Paul Henri Spaak, ein ehemaliger belgischer Premierminister, einer der vergessen Gründungsväter der Europäischen Union, hat einmal gesagt, es gibt in Europa nur zwei Arten von Ländern: Kleine Länder und Länder, die noch nicht gemerkt haben, dass sie klein sind. Und ich glaube, da ist was dran. Vor allen Dingen heute, wenn wir uns in diesem Zeitalter mit den Herausforderungen auseinandersetzen müssen, auch mit den geostrategischen Machtspielen, die es zur Zeit gibt. Damit meine ich nicht nur „America first“, damit meine ich auch China, auch Russland. Da sind wir gut beraten, wenn wir die Geschlossenheit der Europäischen Union suchen, um unsere Werte und Interessen durchsetzen zu können.

Und der zweite Punkt, weshalb ich fest daran glaube, dass das der richtige Weg ist im Gegensatz zur Abschottung und Protektionismus und was es von den Populisten gibt: Alle Herausforderungen, alle großen Herausforderungen, mit denen wir uns im Moment auseinandersetzen, sind sehr unterschiedlich. Aber sie haben eine Gemeinsamkeit: Sie sind alle grenzenlos. Die Globalisierung kennt keine Grenzen. Der Klimawandel kennt keine Grenzen. Die Digitalisierung kennt keine Grenzen. Die Migration ist schon per se etwas, was mit der Überwindung von Grenzen zu tun hat.
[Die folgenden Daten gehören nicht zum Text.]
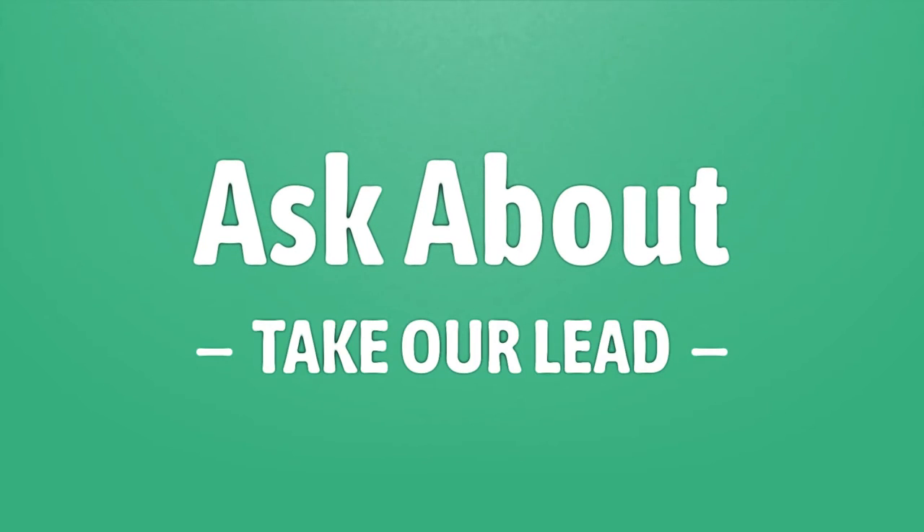Take our lead — let's help you make your mark. Our goal is your satisfaction; let us show you the way.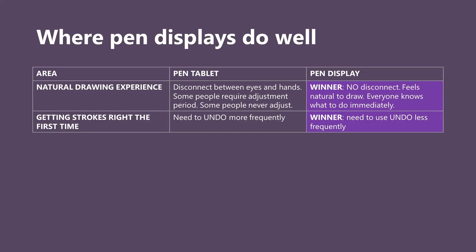Many people, including myself, feel that with a pen display they're getting strokes right the first time. With a pen tablet, people often have to undo a stroke because it didn't go exactly where they wanted. I've heard people say they press undo twice as much with a pen tablet as with a pen display, and I agree. When I want to get something drawn fast, I'll switch from my pen tablet to one of my pen displays — I think it makes me more than twice as fast. But for someone getting their very first tablet, I generally recommend a pen tablet unless you are very sure that what you need is a pen display.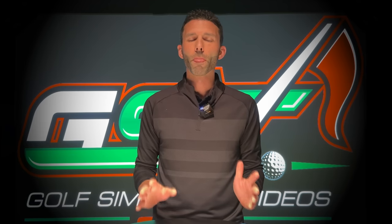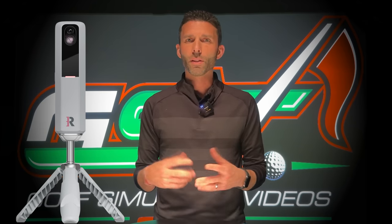First off, what is included when you buy a Rapsodo MLM2 Pro? First, the device and tripod — obviously you're going to get the device, but it is nice that it has this attachable tripod that's very easy to use. You're going to use that for setting it up both indoors and outdoors. The MLM2 Pro charging cable along with a travel case — I thought it was nice that they included a travel case because a lot of people are going to be using this indoors and outdoors.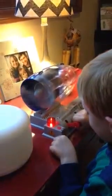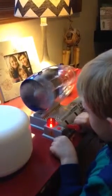Taxi up a little bit. Clear for takeoff.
Und deshalb kann eigentlich in der Zeit, in der man sich solchen Herausforderungen gegenüber sieht, man nur daran festhalten und engagiert dafür arbeiten, dass es eben nicht diesen Rückfall in nationale Lösungsansätze gibt, sondern dass das, was wir als Multilateralismus bezeichnen, auch in Zukunft Bestand haben wird.
Aber so wie die Dinge sich entwickeln, muss man feststellen: das ist keine Selbstverständlichkeit mehr. Und wir müssen mehr dafür tun, als wir das in der Vergangenheit gewöhnt sind. Und auch deshalb will ich vielleicht noch einfügen und ich sage das als ein Vertreter meiner Generation, aufgewachsen in Westdeutschland: Alles, was mein Leben gut und schön macht – Freiheit, Rechtsstaat, Bürgerechte –musste ich mir nicht erkämpfen, es war alles schon da. Und ich kenne das aus meiner Generation, dass Viele das alles, weil sie es gar nicht anderes kennen, für Selbstverständlichkeiten halten.

Wenn ich mir die Entwicklung auf der Welt anschaue und wenn ich mir auch die Entwicklung in einigen europäischen Staaten anschaue, aber vor allen Dingen darüber hinaus, komme ich zu dem Ergebnis, dass die Zeit der Selbstverständlichkeit vorbei ist. Und dass es nicht nur schön und gut ist, die Rechte, die man hat, und die andere vor Jahrzehnten für uns erkämpft haben, zu nehmen. Sondern man muss sie auch verteidigen.

Deshalb würde ich mir wünschen, dass es bei vielen Themen auch eine breitere politische Debatte gibt. Und bei vielen der Themen, mit denen wir uns auseinandersetzen.
Herr Berger ist heute Abend ja auch hier, den Sie ja aus der Zusammenarbeit kennen. Eines ist uns in den letzten Monaten sehr deutlich geworden: Die Themen Politik und Wirtschaft, also das, was in der Außenwirtschaft zusammenläuft, stehen in einem immer engeren Zusammenhang. Deshalb kann ich Ihnen sagen, denn wir sind ja auf einem Neujahrsempfang, da blickt man zurück, aber auch nach vorne: Das letzte Jahr ist eins, das ich mit meinen Erfahrungen als intensiv bezeichnen würde.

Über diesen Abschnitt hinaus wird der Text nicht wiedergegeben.